No one seems to know where the moniker came from, but it sure has a dismal way of taking hold in young imaginations: At best, “Cropsey” sounds like Peter Rabbit’s ominously undiscussed sibling, hidden in the attic. It’s definitely a good name for a boogeyman.
And so any movie of that name, even a documentary, must be of the horror variety. Not quite an investigative triumph but definitely a grabber, Cropsey explores the woods-roaming-madman legend with which Staten Island kids — including filmmakers Joshua Zeman and Barbara Brancaccio — used to freak each other out in the ’80s. That’s when the rightly horrifying Willowbrook State School for mentally disabled kids finally got shut down, years after Geraldo Rivera’s career-launching exposé on its appalling conditions, and when the cops tied a spate of missing-children cases to homeless former Willowbrook employee Andre Rand. By the time Zeman and Brancaccio get to their spine-tingling footage of a dazed and drooling Rand being hauled into police custody, it’s as if to say: So is this the Cropsey we’ve all been waiting for? Later, a Rand acquaintance holds up another photo of him, saying, “I can take a picture of anybody and I could say, ‘This man is a mass murderer.’ And you’d say, ‘Yeah, I can tell! I can tell!’ Or I could say, ‘This man rescued six people from a burning building.’ ‘I can tell! He’s a good man!'” What’s especially unsettling is that it’s partly from wondering whether the presenter of this experiment is himself on the level that his point is so well-taken.

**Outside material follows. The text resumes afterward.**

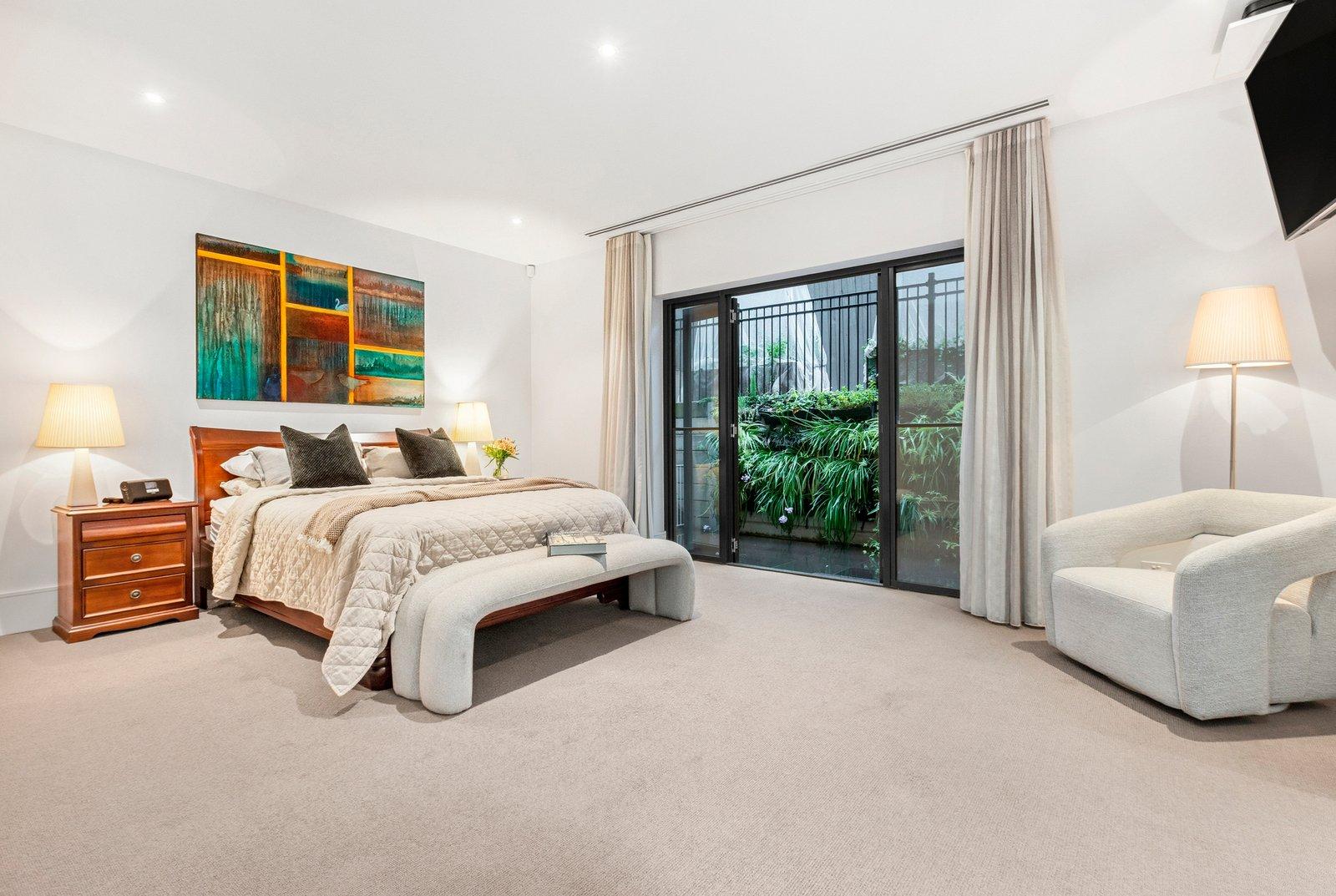 2/4 Carnarvon Road, Caulfield North, 3161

Ultimately the most damning thing Cropsey implies about Rand is that working at Willowbrook might very well have broken his mind. For added context, the filmmakers make several forays into the sylvan gloom of Staten Island, here described more than once as a dumping ground. They leave some mysteries unsolved, but these matter less than the truly eerie revelations about how horror-flick vernacular affects our view of the world — how we cope with, and cultivate, the unthinkable.